## What is needed
The answer should be the exact lines from the line containing "Presiden Prabowo Subianto" through the last line of the material below, with no pictures.

## Input data
____
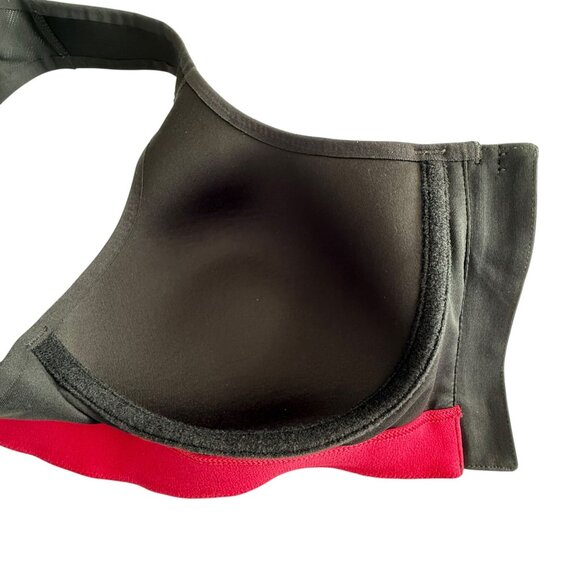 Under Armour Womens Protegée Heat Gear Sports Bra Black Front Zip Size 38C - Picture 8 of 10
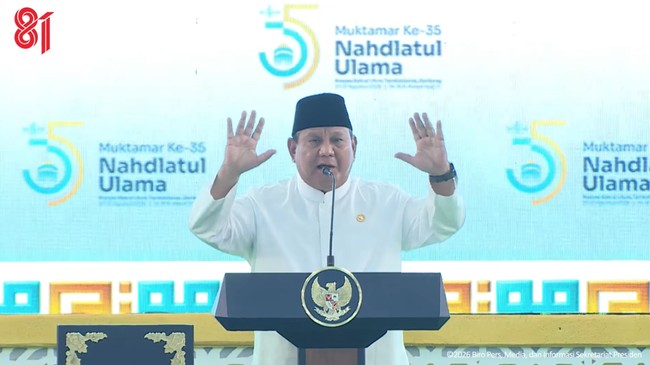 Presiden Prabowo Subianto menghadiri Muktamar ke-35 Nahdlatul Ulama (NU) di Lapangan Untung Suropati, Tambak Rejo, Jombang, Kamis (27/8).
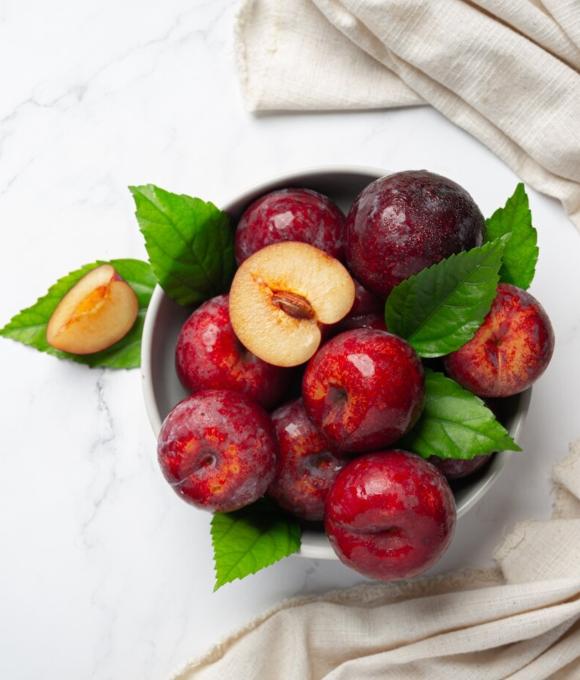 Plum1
____
## Answer
 Presiden Prabowo Subianto menghadiri Muktamar ke-35 Nahdlatul Ulama (NU) di Lapangan Untung Suropati, Tambak Rejo, Jombang, Kamis (27/8).
 Plum1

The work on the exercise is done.